What you should do:
So that the copy stays text only, transcribe the data below exactly and exclude the images.

Recorded information:
____

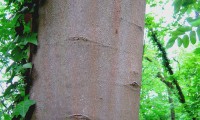 ritidoma de jovem bordo - Acer pseudoplatanus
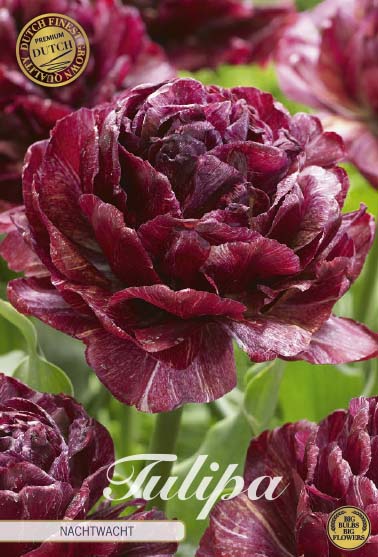 Tulipa Nachtwacht (premium) 5-pack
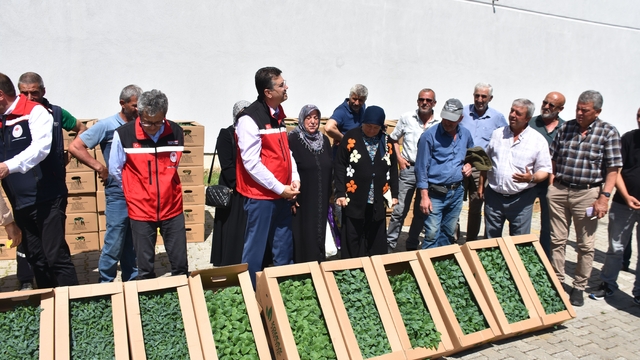 Tekirdağ'da üreticilere yazlık sebze fidesi dağıtıldı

____

Task answer:
 ritidoma de jovem bordo - Acer pseudoplatanus
 Tulipa Nachtwacht (premium) 5-pack
 Tekirdağ'da üreticilere yazlık sebze fidesi dağıtıldı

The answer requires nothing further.